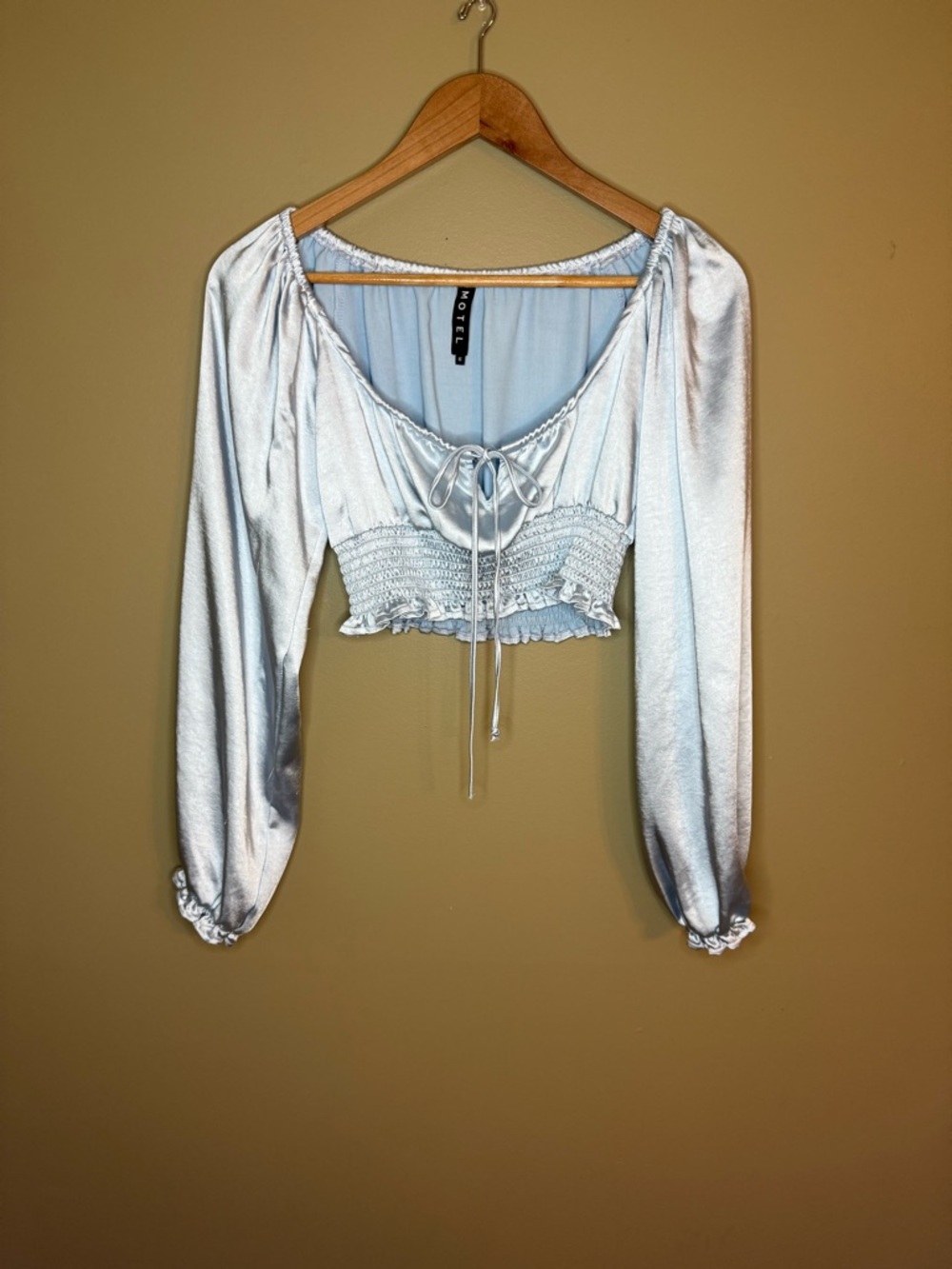Motel Rocks Light Blue Satin Long Sleeve Smocked Crop Top Women’s M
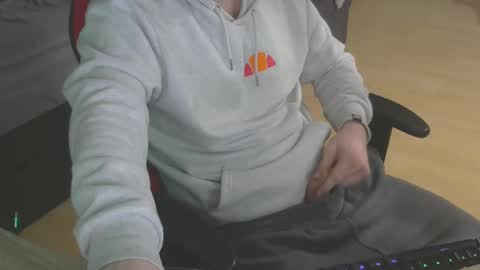 Snapshot of leon_97 chatting on 6, 2, 2025 Lele 97 online show from 6, 2, 2025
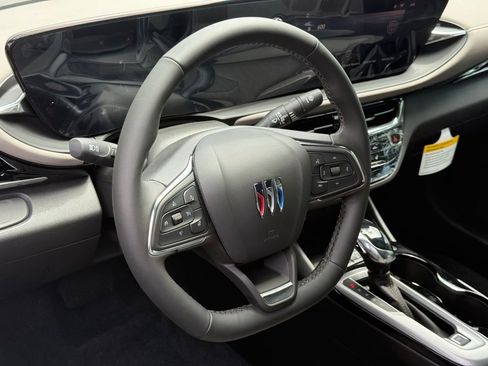 New 2026 Buick Envista Avenir FWD image 13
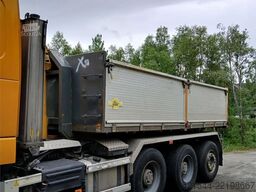 Volvo Fh540 8x4 plow rigged hook truck w/ 22T hook, two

> **What to work on**: Keep pictures out and return the lines from the one containing "Snapshot of leon_97" through the end of the listing, both included, character for character.

> **Result of the task**:
 Snapshot of leon_97 chatting on 6, 2, 2025 Lele 97 online show from 6, 2, 2025
 New 2026 Buick Envista Avenir FWD image 13
 Volvo Fh540 8x4 plow rigged hook truck w/ 22T hook, two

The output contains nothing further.